Les capteurs de glucose ne sont pas un outil de diagnostic
Par ailleurs, les capteurs de glucose ne devraient pas être utilisés comme outil de diagnostic pour le diabète, expliquait le Dr Wittmer dans l’épisode de la balado. «Il y a des outils beaucoup plus efficaces et établis pour poser un diagnostic. Il n’y a aucune situation à laquelle je peux penser, qui est appuyée sur de la science, où je proposerais un capteur à quelqu’un qui n’est pas diabétique, dans le but de faire un diagnostic.»
Les seuils minimum et maximum de glycémie servant à diagnostiquer le diabète ont été établis à partir de tests oraux de tolérance au glucose, réalisés après un jeûne de 10 à 16 heures. La glycémie est alors calculée à l’aide d’une prise de sang. Cette façon de faire est donc très différente de l’utilisation habituelle des capteurs de glucose. Enfin, la mesure du glucose interstitiel a tendance à surestimer le taux de glucose sanguin, en particulier lorsque le sujet est actif.

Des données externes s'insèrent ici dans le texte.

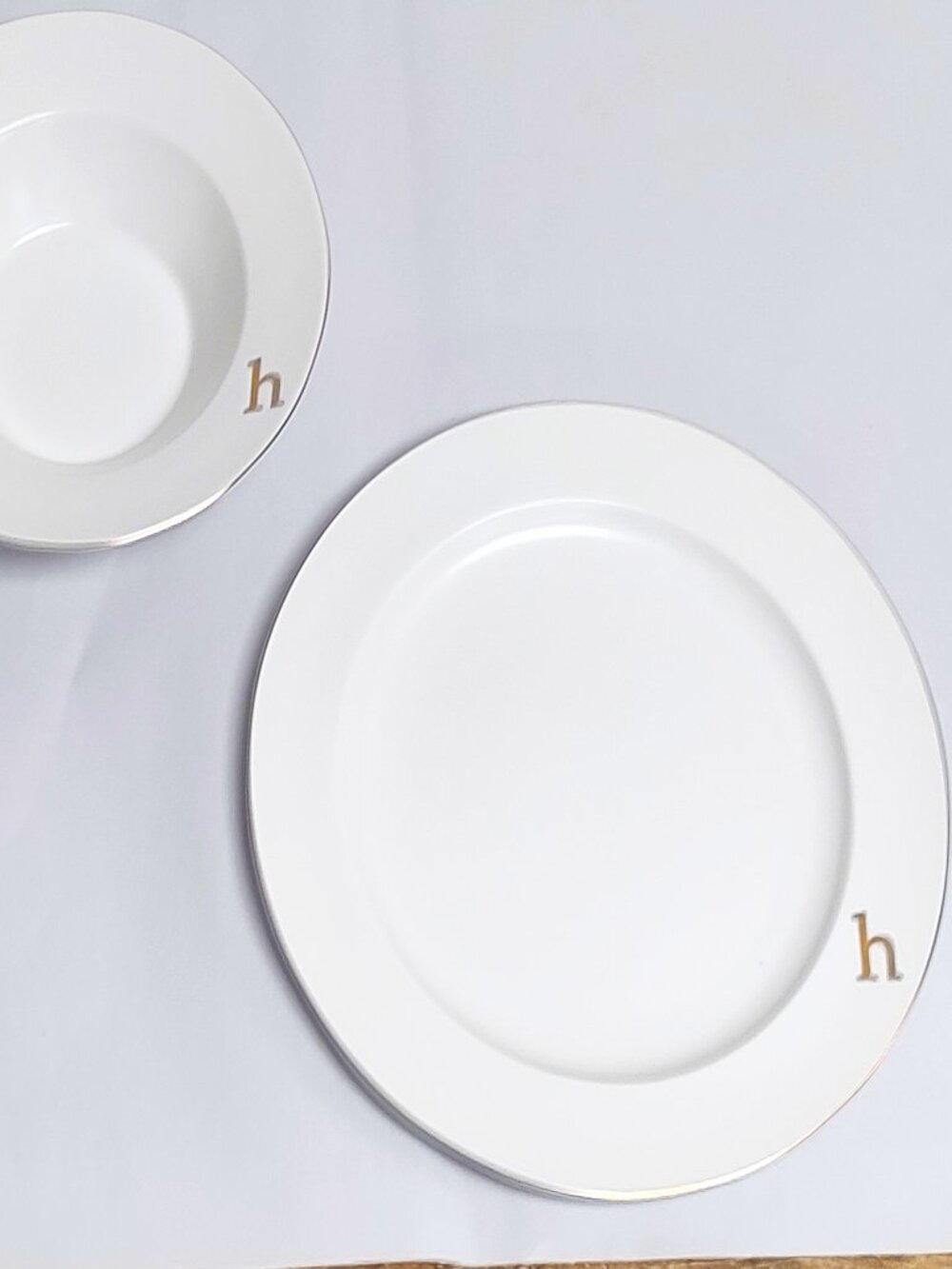 COLLECTIVE HOME Gold-Edged Ceramic Dinnerware Monogram Kitchen Plate Set - h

Leur utilisation comporte des risques pour la santé
Si les capteurs de glycémie sont utiles pour certains diabétiques, surveiller sa glycémie en continu peut avoir des effets négatifs chez les gens en bonne santé. Par exemple, des patients pourraient couper des aliments nutritifs parce qu’ils ont cru voir un lien entre leur consommation et un pic de glycémie, s’inquiète le Dr René Wittmer, qui rappelle l’importance d’une alimentation variée. Au contraire, certaines personnes pourraient se mettre à manger davantage parce qu’elles craignent de tomber en hypoglycémie, notait le Dr Shmerling.
Par ailleurs, certains utilisateurs de capteurs pourraient développer une obsession pour leur glycémie, écrivaient en 2024 deux nutritionnistes sur le site universitaire The Conversation. Cela pourrait ensuite mener à des troubles alimentaires. De plus, ces moniteurs peuvent causer de l’anxiété s’ils produisent de fausses alarmes ou si la personne a de la difficulté à bien interpréter les données.